In part, it’s selfishness on my part. I know what I struggle with and delight in, and I want to feel like there are others like me out there in the world. I’m curious about how artists navigate the strange pathways of being an active LDS artist who engages with Mormon elements. I’m not a big believer in Mormon exceptionalism or, for that matter, artists’ exceptionalism. At the same time, I feel like it’s a unique experience that shares similarities with all the ongoing issues related to artists, faith communities, etc., but has some particularities that aren’t found in quite the same alloy elsewhere. That interests me.

But there’s another part: I feel like I know the narratives, preoccupations, arcs of the artists who leave their community to embrace the dominant modes of modern artistic discourse, who “go cosmopolitan”. I also know the paths of the parochial Saint who either stays in the mode that is pleasing to the Mormon market or goes national/international by downplaying their Mormonism. Again: I have and will continue to engage with all of those types of artists. But I’m also losing patience with them. They engage but don’t satisfy. And while they don’t always quite get it right (for me — responses to art are subjective), there’s nothing more satisfying than an artist who has craft, belief, humility and brings that all to bear on work that’s directly engaged with Mormonism.
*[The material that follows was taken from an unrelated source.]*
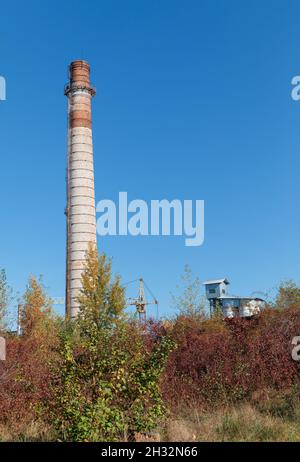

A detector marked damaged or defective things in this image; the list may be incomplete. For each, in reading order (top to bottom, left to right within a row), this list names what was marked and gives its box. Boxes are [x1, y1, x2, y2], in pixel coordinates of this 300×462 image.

There’s new ground to be explored here. New things to discover.

And finally there’s this — and the more I’m engaged in this, the more it becomes the big reason: I’m interested in building Zion. I’m interested in building Zion in cooperation with the LDS Church and all those who are willing to live in covenant. I recognize the potential (and historical and present) pitfalls and tensions and failings. I recognize where I fall short in so many ways as well as where giving up on that would make some things a lot easier and my art maybe even “better” (or more acceptable). I also recognize where my/our potential audience falls short.

And yet given all that: I don’t care. I’m past feeling self-conscious about all that. I’m looking for Zion moments, Zion movements, Zion people, Zion artists. Where are the artists who are trying to hone their devotion and their craft and their service and their vision and their Mormonism into something that they can place on the altar, into something that will build Zion? I think they’re fascinating. And I want to be among them.